En effet selon la Loi N° 2015-10 du 24 novembre 2015 portant nouveau code pénal en son Article 199, « Toute personne coupable de torture est punie d’une peine de trente (30) à cinquante (50) ans de réclusion criminelle et d’une amende de vingt-cinq millions (25.000.000) à cent millions (100.000.000) de francs CFA ».

De plus, le code pénal ne reconnait pas la torture infligée par obéissance aux ordres ou par invocation de circonstances exceptionnelles. En effet, l’Article 206 dispose que « Ne constituent pas une cause d’exonération le fait d’avoir obéi aux ordres d’un supérieur ou d’une autorité publique en commettant les actes de torture et les autres mauvais traitements, ni le fait que ceux-ci aient été justifiés par des circonstances exceptionnelles, notamment un état de guerre, une menace de guerre, l’instabilité politique intérieure ou toute autre situation exceptionnelle ».

Donc si le « Force à la loi » scandé par les partisans du régime devrait être appliqué, les auteurs des tortures contre les prisonniers politiques seraient eux aussi arrêtés et jetés en prison. On ne peut pas respecter la loi en gardant des suspects en prison et refuser de respecter la même loi lorsqu’il s’agit de sévir contre les auteurs de tortures contre les mêmes suspects.

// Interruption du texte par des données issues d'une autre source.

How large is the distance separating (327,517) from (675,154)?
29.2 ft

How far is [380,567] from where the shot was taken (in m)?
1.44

Le « Force à la loi » tant scandé par les soutiens de l’intolérance politique est donc devenu une épée à double tranchant pour le régime : on ne peut condamner les prévenus sans tenir un procès, on ne peut tenir un procès sans boucler l’instruction, et on ne peut boucler l’instruction sans qu’une enquête sur les allégations de tortures ait été menée, enquête qui à coup sûr confirmera les faits. C’est à force de s’inscrire dans la logique du tout judiciaire ou du « Force à la loi » que le régime s’est retrouvé bloqué sur la question des prisonniers politiques, car ce n’est pas une question de violation de la loi ; c’est une question de répression politique.